I do not know, now, what I wrote you; but whatever it was, be charitable—for there was no August day in which I was in my right mind—& there will never be an August day, perhaps, in which I shall be sane. It is our terrible month. …


We leave here Sept. 19, & shall reach Vienna by the end of the month, we suppose.

Sam asked Skrine if it were an English custom to leave off the sound of the final “t” in “trait” [MTP].

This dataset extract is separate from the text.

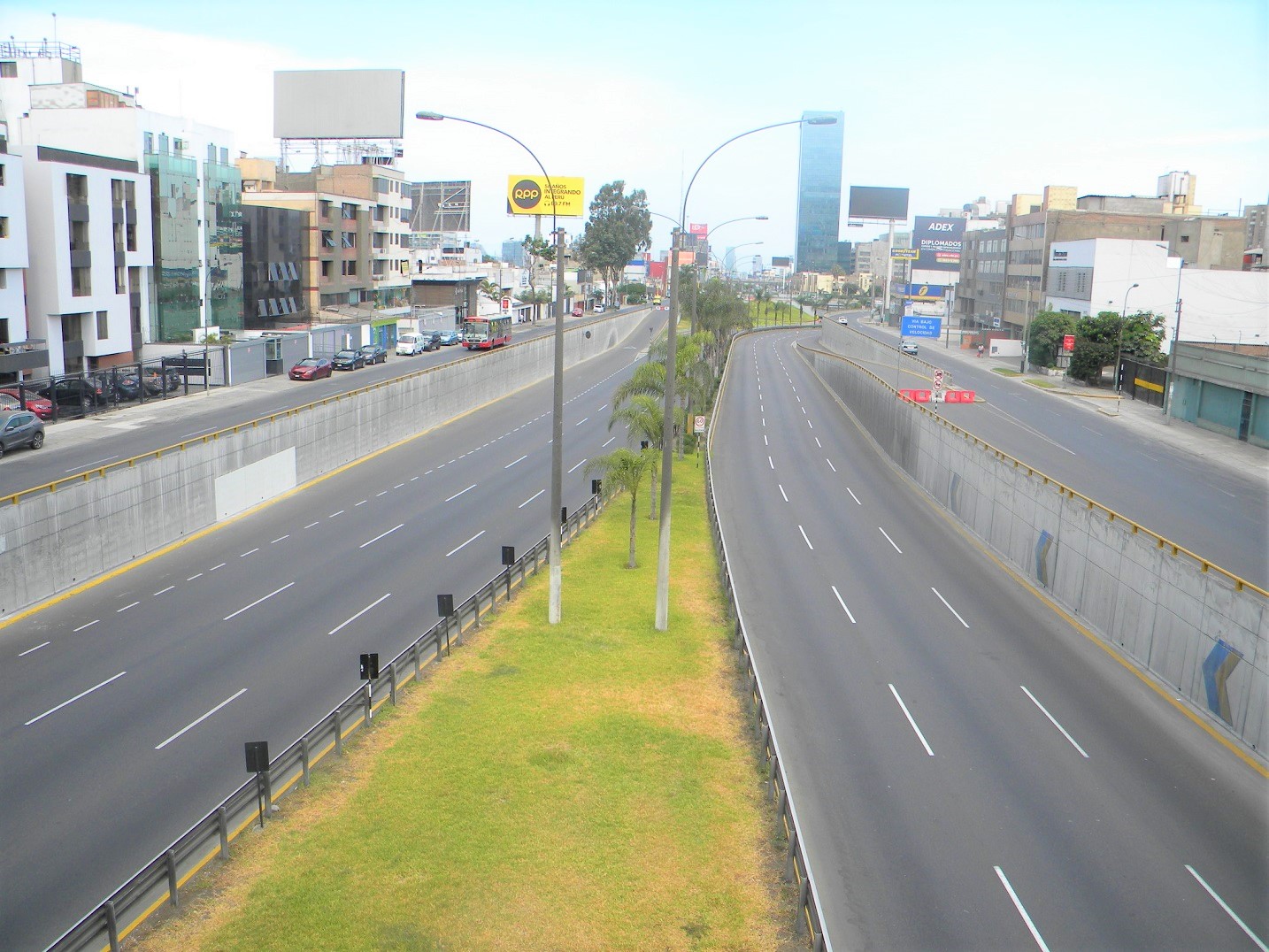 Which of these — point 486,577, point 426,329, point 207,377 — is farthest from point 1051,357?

September 11 SaturdayThe New York Times passed part true, part false information on in “Mark

Twain’s New Book,” p. BR1:

The Critic’s Lounger, commenting on the announcement that the title of Mark Twain’s book has been changed from “The Surviving Innocent Abroad” to “Following the Equator,” says: “I am told on reliable authority that the price paid to Mr. Clemens for this book is $40,000, in payments of $10,000 each, and that he will make the whole of it over to his creditors, to whom he owes about $20,000 more. At the rate of $40,000 a book, it will not take Mr. Clemens long to pay off his indebtedness. Major Pond has recently made him an offer of $50,000 for a series of lectures in this country, but the offer has not been accepted as yet” [Note: at least one of the figures is incorrect; Pond’s offer had been rejected on July 20]

September 12 Sunday

September 13 Monday – In Weggis, Switzerland Sam received a letter (not extant) from H.H. Rogers. He replied that Rogers’ letter “has give us a grand uplift.” The Clemens’ funds invested by Rogers were

SLC used mourning border for most letters from Susy’s death on, then from Livy’s death on.